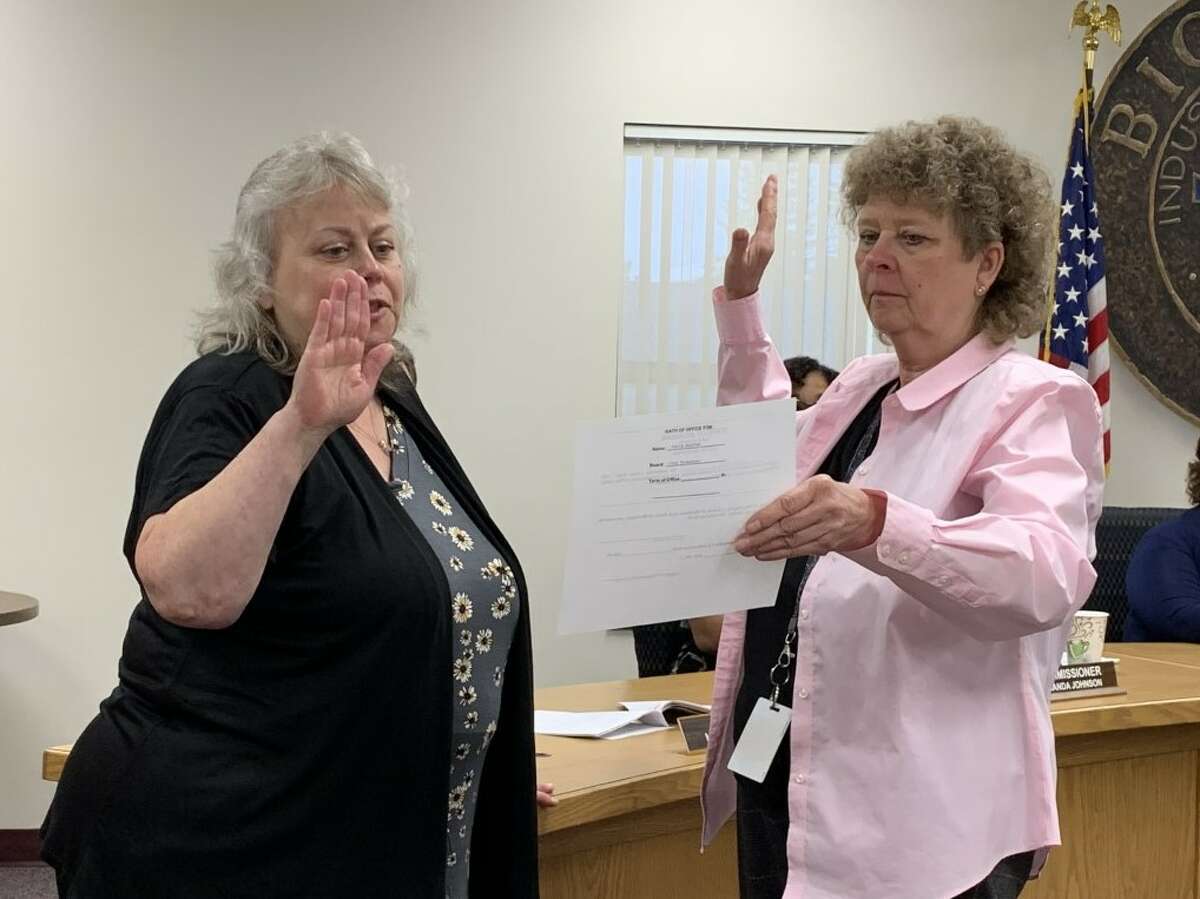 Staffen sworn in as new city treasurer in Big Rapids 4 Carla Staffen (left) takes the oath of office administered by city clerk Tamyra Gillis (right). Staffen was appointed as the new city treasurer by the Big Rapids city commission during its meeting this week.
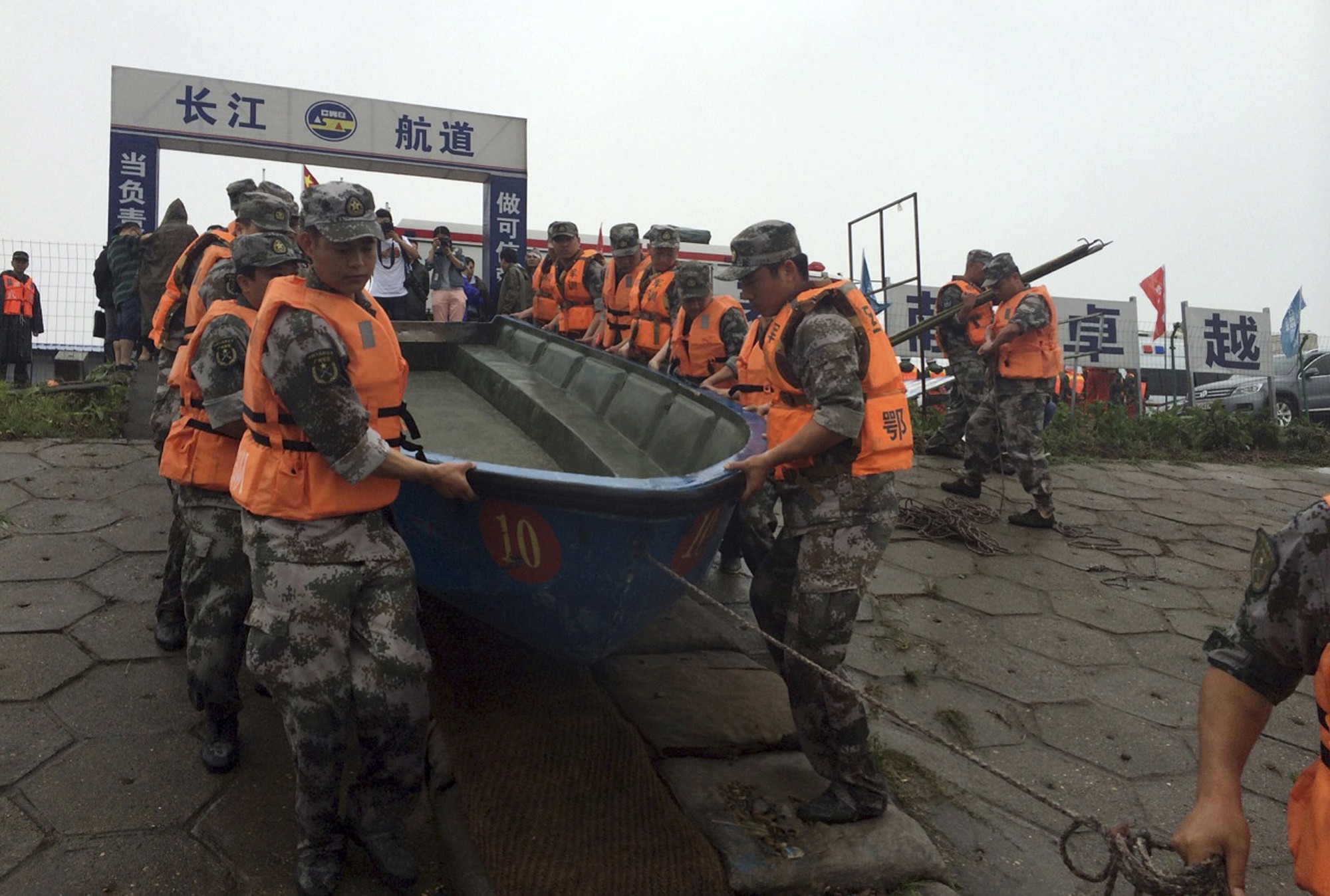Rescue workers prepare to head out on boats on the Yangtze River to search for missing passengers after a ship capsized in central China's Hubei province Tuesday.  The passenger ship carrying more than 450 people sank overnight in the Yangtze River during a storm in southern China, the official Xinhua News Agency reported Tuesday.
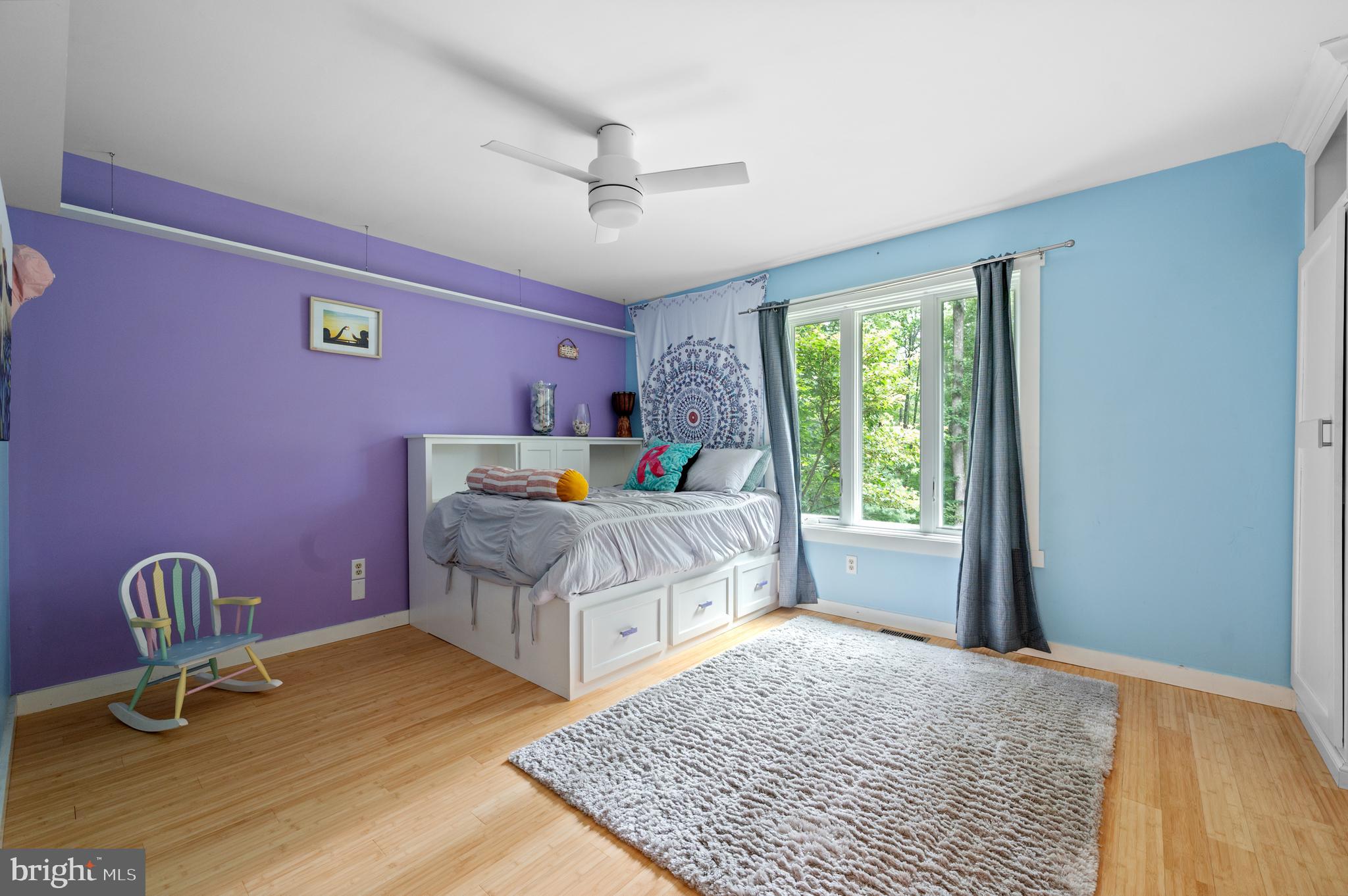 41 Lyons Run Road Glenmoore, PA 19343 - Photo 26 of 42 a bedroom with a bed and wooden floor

__Task details__
Only the pictures are to be dropped; the rest of the material above must be duplicated exactly.

__Reply__
 Staffen sworn in as new city treasurer in Big Rapids 4 Carla Staffen (left) takes the oath of office administered by city clerk Tamyra Gillis (right). Staffen was appointed as the new city treasurer by the Big Rapids city commission during its meeting this week.
Rescue workers prepare to head out on boats on the Yangtze River to search for missing passengers after a ship capsized in central China's Hubei province Tuesday.  The passenger ship carrying more than 450 people sank overnight in the Yangtze River during a storm in southern China, the official Xinhua News Agency reported Tuesday.
 41 Lyons Run Road Glenmoore, PA 19343 - Photo 26 of 42 a bedroom with a bed and wooden floor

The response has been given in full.